In our last church, I was leading a women’s group, and we were talking about the passage in the Bible that says “women, submit to your husbands”, and trying to make sense of just how that should work in the twenty-first century. In my heart I agreed with them, it doesn’t make sense in today’s world, but I couldn’t say that out loud. My husband’s job and our family’s livelihood was dependant on me toeing the party line, so to speak, so I spouted some kind of half-assed nonsense instead. I’ve often thought of that moment over the years and wished I could go back and apologise to those women and let them know that I absolutely agree with their point of view - the Bible is a 2000+ year old book, and some of it just doesn't work in today's world.

The truth is, we left the church in 2003 and haven’t gone back, and what I see of the evangelical church now is offensive to me. I don’t call myself a Christian anymore, because I no longer believe what the church is saying . I believe that God loves the LBGTQ+ community just as much as He (or She) loves me, a straight white woman. I'm not sure if I even believe there is a God anymore, but I hope so.


I believe that I am an equal to my husband and don’t need to submit to his authority, and thankfully, he feels the same. We are equal partners and always have been, and we challenge each other to learn and grow. Our faith is different as well. Glenn believes differently than I do because our experiences have been different, but we respect each other and appreciate our differences, at least most of the time.


I also believe, and this is a big one, in a woman’s right to choose. No one should have the right to tell a woman what to do with her own body. I find it interesting and also hypocritical that the people who have been crying foul for the last few years about having to wear a mask or get vaccinated because no one can tell them what to do with their own body are the exact same people who are now saying the opposite when it comes to a woman having autonomy over her own body. It just doesn’t make any sense! There’s a whole lot more that I don’t agree with, but those are front and centre right now.


Phew! It feels good to write that and allow my truth to be out there, because I’ve kept it hidden for a long time, afraid of how people would react if they knew the real me. Would I be accepted by my family, or other people who only knew the one side of me? I also felt that if I did let people see the real me that I would be a huge disappointment. The more that I continue on this healing journey though, the more I realise that other people’s opinions of me just don’t matter that much anymore. I gotta be me and let other people see it if I want to find health and wholeness again.

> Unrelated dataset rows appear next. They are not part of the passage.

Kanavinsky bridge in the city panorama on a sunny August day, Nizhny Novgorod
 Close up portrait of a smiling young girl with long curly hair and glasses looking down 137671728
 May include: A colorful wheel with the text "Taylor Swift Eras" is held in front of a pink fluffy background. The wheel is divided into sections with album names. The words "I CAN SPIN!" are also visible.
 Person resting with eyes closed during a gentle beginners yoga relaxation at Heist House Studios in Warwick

I met an indigenous healer yesterday. I didn’t know that’s what she was, but I was somehow drawn to this person, and we found a connection, both as creative people and as two women just trying to figure things out. As she worked on me, rubbing my back, up and down my spine from my tailbone up to the crown of my head, brushing away the negative thoughts and emotions, I told her some of what I have been feeling. Her message to me was “Man, you have to get out of that box!” “You’re thinking too much, you need to stop trying to figure everything out and just be open to receive,” and she was right.

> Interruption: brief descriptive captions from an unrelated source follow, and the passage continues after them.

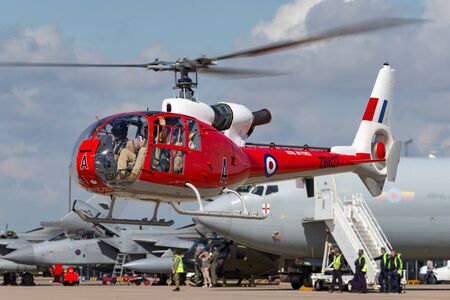 RAF Waddington, Lincolnshire, UK - July 7, 2014: Former Royal Air Force (RAF) Aerospatiale SA-341D Gazelle HT.3 G-CBSK.のeditorial素材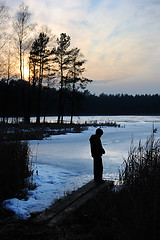 Image showing Sunset on the lake in March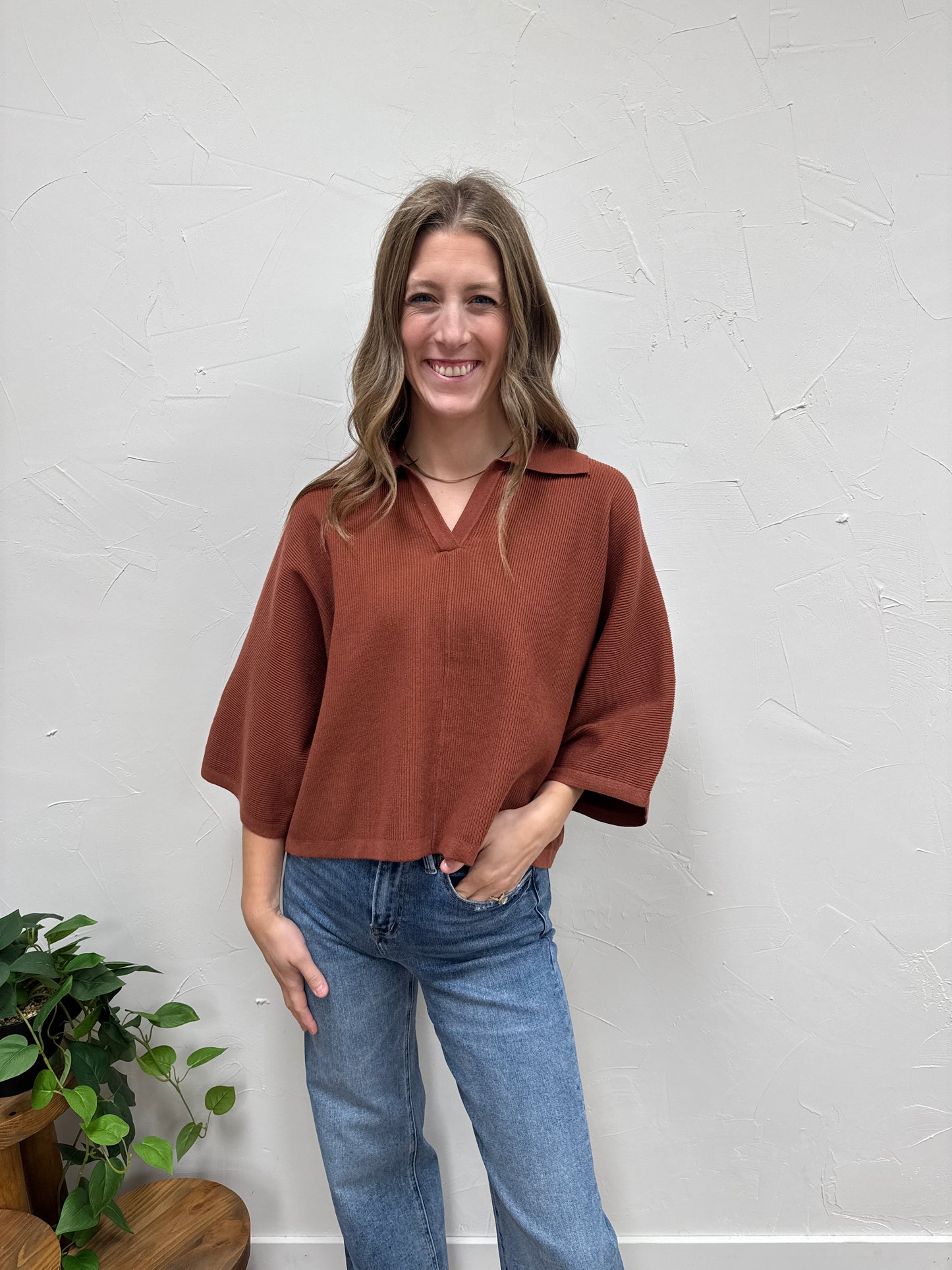 Solid 3/4 sleeve knit top with open V-neck collar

And then came the message that I’ve been hearing over and over again, since reading Gabor’s book. She told me to let my anger go. Learn from it what you need to learn, and then let it go, because it’s not helping you. She told me that when I’m out for a walk and see a twig, that I should pick it up, hold it in my hands and breathe that negative energy out and onto that little piece of wood, and then find a body of water and let it go. Watch it float down the stream or river, and imagine it floating right out to the ocean, gone forever. I think that’s a fantastic idea, a physical demonstration of what’s happening inside - I’m breathing out the negativity and letting that shit go. Time to go for a walk.